The practical questions stay the same. Who controls the model? Who controls the account? Who controls the curriculum? Who controls the logs? Who controls the acceptable range of inquiry? What happens to the student who asks the wrong question?
Biased LLMs make these questions urgent because they move the struggle over education into the interface itself. A textbook sits on the desk. A model talks back. It guides, suggests, refuses, summarizes, praises, edits and frames. It can feel like a tutor while behaving like a policy layer.
That is why AI literacy must go hand in hand with thorough intellectual formation, rather than being limited to software training only.
More on AI alignment:
FAQ
Are LLMs trained on biased datasets?
Yes. LLMs are trained on large text corpora that reflect the biases, omissions, stereotypes, incentives and power structures of the sources they ingest. Bias also enters through filtering, labeling, RLHF, safety tuning, system prompts and deployment policies.

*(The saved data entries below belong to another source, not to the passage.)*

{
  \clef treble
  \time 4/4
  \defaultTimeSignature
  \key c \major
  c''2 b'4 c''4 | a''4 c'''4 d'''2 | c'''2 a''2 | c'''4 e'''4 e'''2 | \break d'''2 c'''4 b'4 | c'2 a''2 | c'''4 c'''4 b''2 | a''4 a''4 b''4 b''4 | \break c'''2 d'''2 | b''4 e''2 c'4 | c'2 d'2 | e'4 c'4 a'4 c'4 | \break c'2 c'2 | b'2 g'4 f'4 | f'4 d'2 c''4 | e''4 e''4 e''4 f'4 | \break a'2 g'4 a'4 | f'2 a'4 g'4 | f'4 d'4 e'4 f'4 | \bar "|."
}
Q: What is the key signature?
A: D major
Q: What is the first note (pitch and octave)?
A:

Does ChatGPT make students worse at thinking?
The evidence does not support a universal claim. Generic answer-giving AI can harm learning when students use it as a crutch. Structured AI tutors can improve learning when they are designed around active learning, scaffolding, feedback and student effort.

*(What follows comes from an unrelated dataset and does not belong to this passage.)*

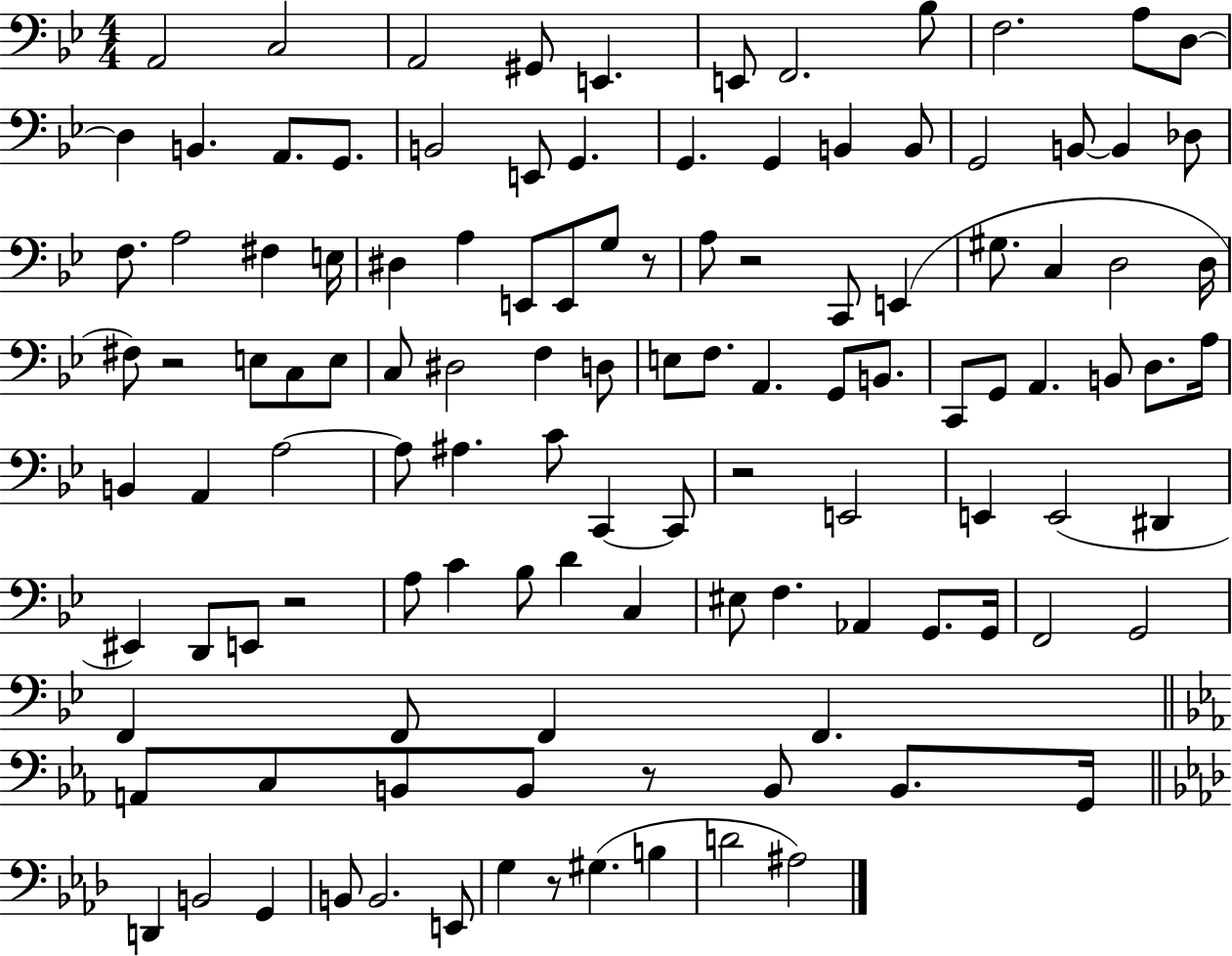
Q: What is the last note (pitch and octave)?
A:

Are students really starting to write like AI?
Research suggests student writing has shifted in the AI era. The Warwick study found cohort-level changes in undergraduate writing after ChatGPT’s launch, including more positivity, formality and vocabulary range. The study does not prove individual AI use, but it does support the concern that AI tools are shaping student writing style.
What is reactive writing?
Reactive writing is a suggestion-led writing process where the user reacts to AI-generated ideas before fully developing his own. This can make the user feel in control while the model quietly seeds the direction of the argument.
Should schools ban AI?
A blanket ban is usually a weak answer. It may be appropriate for specific ages, assignments or privacy-sensitive contexts, but it does not teach judgment. Schools should distinguish between answer extraction, assisted drafting, structured tutoring, research support and critical model comparison.
How should parents handle AI?
Parents should focus on formation first. Children need reading, writing, logic, moral reasoning, spiritual life, conversation and disciplined attention before AI becomes a default assistant. AI should be introduced as a tool to question, rather than an oracle to obey.
Intellectual formation is more important than ever
Do not raise children to be pro-AI, anti-AI or AI-dependent.
Raise them to be stronger than the interface.
A young person with no intellectual foundation will be shaped by whichever system he can delegate his thinking to. A young person with serious formation can use AI as leverage. That is the difference between being managed by the model and commanding it.
Expect the policy-maker class to try to solve this with bans, dashboards, detector tools, vendor approvals and regulation. Some of those guardrails may be useful, especially for young children and sensitive data. But the real answer is older and more difficult for educators to accept: form the mind before handing it a thinking machine.